▸ TASK: Copy out all the entries exactly.

▸ DATA TO EXAMINE:
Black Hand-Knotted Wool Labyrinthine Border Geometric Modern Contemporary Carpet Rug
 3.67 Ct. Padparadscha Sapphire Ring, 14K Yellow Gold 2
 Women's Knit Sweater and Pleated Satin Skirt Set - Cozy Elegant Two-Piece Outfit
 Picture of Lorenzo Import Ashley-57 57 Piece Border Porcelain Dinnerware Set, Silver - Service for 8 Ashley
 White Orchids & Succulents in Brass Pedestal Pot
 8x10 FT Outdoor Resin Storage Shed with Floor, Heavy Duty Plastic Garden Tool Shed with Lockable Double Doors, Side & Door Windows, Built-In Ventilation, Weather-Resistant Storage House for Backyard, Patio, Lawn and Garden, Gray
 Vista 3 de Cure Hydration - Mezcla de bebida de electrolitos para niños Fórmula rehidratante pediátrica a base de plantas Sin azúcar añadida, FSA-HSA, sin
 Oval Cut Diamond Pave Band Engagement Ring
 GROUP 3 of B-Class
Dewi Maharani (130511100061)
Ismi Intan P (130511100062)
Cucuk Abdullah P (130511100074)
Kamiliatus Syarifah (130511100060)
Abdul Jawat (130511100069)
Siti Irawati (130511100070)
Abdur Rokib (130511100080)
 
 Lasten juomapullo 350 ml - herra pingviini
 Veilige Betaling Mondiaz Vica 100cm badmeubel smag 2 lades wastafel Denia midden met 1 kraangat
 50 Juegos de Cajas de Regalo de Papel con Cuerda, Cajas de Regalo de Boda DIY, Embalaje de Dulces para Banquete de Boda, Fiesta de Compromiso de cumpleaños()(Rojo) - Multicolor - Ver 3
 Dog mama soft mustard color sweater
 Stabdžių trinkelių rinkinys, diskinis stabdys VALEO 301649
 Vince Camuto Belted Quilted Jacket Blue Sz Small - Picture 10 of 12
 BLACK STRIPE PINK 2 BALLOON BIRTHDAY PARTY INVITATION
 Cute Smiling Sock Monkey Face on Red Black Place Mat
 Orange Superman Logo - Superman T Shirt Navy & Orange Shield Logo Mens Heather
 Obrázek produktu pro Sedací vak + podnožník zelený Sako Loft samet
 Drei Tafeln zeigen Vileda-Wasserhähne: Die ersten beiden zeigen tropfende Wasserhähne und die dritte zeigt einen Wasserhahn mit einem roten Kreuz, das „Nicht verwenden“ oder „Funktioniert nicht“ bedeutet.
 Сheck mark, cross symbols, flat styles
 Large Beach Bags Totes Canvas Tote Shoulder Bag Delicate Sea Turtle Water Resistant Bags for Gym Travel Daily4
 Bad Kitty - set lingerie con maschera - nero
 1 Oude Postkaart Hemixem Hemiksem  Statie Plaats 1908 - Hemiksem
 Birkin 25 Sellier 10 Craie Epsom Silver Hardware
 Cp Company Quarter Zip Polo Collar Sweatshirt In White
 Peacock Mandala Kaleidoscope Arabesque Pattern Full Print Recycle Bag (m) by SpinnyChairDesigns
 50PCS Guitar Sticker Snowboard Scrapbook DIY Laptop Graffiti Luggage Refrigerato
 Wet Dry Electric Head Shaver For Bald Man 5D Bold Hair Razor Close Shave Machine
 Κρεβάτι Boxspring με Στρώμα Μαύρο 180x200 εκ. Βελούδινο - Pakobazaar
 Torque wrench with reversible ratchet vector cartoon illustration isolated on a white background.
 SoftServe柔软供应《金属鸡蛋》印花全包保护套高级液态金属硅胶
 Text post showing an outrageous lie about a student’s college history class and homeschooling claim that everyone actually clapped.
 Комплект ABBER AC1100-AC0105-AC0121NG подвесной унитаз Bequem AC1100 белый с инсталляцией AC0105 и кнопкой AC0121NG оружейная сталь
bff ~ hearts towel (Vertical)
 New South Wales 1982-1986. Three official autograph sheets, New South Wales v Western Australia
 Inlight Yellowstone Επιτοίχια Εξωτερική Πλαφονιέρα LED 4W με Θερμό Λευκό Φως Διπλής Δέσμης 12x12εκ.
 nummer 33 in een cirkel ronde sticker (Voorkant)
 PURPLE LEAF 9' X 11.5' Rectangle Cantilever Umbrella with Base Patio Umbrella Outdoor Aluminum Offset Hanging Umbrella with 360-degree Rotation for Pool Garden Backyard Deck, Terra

▸ ANSWER BOX:
Black Hand-Knotted Wool Labyrinthine Border Geometric Modern Contemporary Carpet Rug
 3.67 Ct. Padparadscha Sapphire Ring, 14K Yellow Gold 2
 Women's Knit Sweater and Pleated Satin Skirt Set - Cozy Elegant Two-Piece Outfit
 Picture of Lorenzo Import Ashley-57 57 Piece Border Porcelain Dinnerware Set, Silver - Service for 8 Ashley
 White Orchids & Succulents in Brass Pedestal Pot
 8x10 FT Outdoor Resin Storage Shed with Floor, Heavy Duty Plastic Garden Tool Shed with Lockable Double Doors, Side & Door Windows, Built-In Ventilation, Weather-Resistant Storage House for Backyard, Patio, Lawn and Garden, Gray
 Vista 3 de Cure Hydration - Mezcla de bebida de electrolitos para niños Fórmula rehidratante pediátrica a base de plantas Sin azúcar añadida, FSA-HSA, sin
 Oval Cut Diamond Pave Band Engagement Ring
 GROUP 3 of B-Class
Dewi Maharani (130511100061)
Ismi Intan P (130511100062)
Cucuk Abdullah P (130511100074)
Kamiliatus Syarifah (130511100060)
Abdul Jawat (130511100069)
Siti Irawati (130511100070)
Abdur Rokib (130511100080)
 
 Lasten juomapullo 350 ml - herra pingviini
 Veilige Betaling Mondiaz Vica 100cm badmeubel smag 2 lades wastafel Denia midden met 1 kraangat
 50 Juegos de Cajas de Regalo de Papel con Cuerda, Cajas de Regalo de Boda DIY, Embalaje de Dulces para Banquete de Boda, Fiesta de Compromiso de cumpleaños()(Rojo) - Multicolor - Ver 3
 Dog mama soft mustard color sweater
 Stabdžių trinkelių rinkinys, diskinis stabdys VALEO 301649
 Vince Camuto Belted Quilted Jacket Blue Sz Small - Picture 10 of 12
 BLACK STRIPE PINK 2 BALLOON BIRTHDAY PARTY INVITATION
 Cute Smiling Sock Monkey Face on Red Black Place Mat
 Orange Superman Logo - Superman T Shirt Navy & Orange Shield Logo Mens Heather
 Obrázek produktu pro Sedací vak + podnožník zelený Sako Loft samet
 Drei Tafeln zeigen Vileda-Wasserhähne: Die ersten beiden zeigen tropfende Wasserhähne und die dritte zeigt einen Wasserhahn mit einem roten Kreuz, das „Nicht verwenden“ oder „Funktioniert nicht“ bedeutet.
 Сheck mark, cross symbols, flat styles
 Large Beach Bags Totes Canvas Tote Shoulder Bag Delicate Sea Turtle Water Resistant Bags for Gym Travel Daily4
 Bad Kitty - set lingerie con maschera - nero
 1 Oude Postkaart Hemixem Hemiksem  Statie Plaats 1908 - Hemiksem
 Birkin 25 Sellier 10 Craie Epsom Silver Hardware
 Cp Company Quarter Zip Polo Collar Sweatshirt In White
 Peacock Mandala Kaleidoscope Arabesque Pattern Full Print Recycle Bag (m) by SpinnyChairDesigns
 50PCS Guitar Sticker Snowboard Scrapbook DIY Laptop Graffiti Luggage Refrigerato
 Wet Dry Electric Head Shaver For Bald Man 5D Bold Hair Razor Close Shave Machine
 Κρεβάτι Boxspring με Στρώμα Μαύρο 180x200 εκ. Βελούδινο - Pakobazaar
 Torque wrench with reversible ratchet vector cartoon illustration isolated on a white background.
 SoftServe柔软供应《金属鸡蛋》印花全包保护套高级液态金属硅胶
 Text post showing an outrageous lie about a student’s college history class and homeschooling claim that everyone actually clapped.
 Комплект ABBER AC1100-AC0105-AC0121NG подвесной унитаз Bequem AC1100 белый с инсталляцией AC0105 и кнопкой AC0121NG оружейная сталь
bff ~ hearts towel (Vertical)
 New South Wales 1982-1986. Three official autograph sheets, New South Wales v Western Australia
 Inlight Yellowstone Επιτοίχια Εξωτερική Πλαφονιέρα LED 4W με Θερμό Λευκό Φως Διπλής Δέσμης 12x12εκ.
 nummer 33 in een cirkel ronde sticker (Voorkant)
 PURPLE LEAF 9' X 11.5' Rectangle Cantilever Umbrella with Base Patio Umbrella Outdoor Aluminum Offset Hanging Umbrella with 360-degree Rotation for Pool Garden Backyard Deck, Terra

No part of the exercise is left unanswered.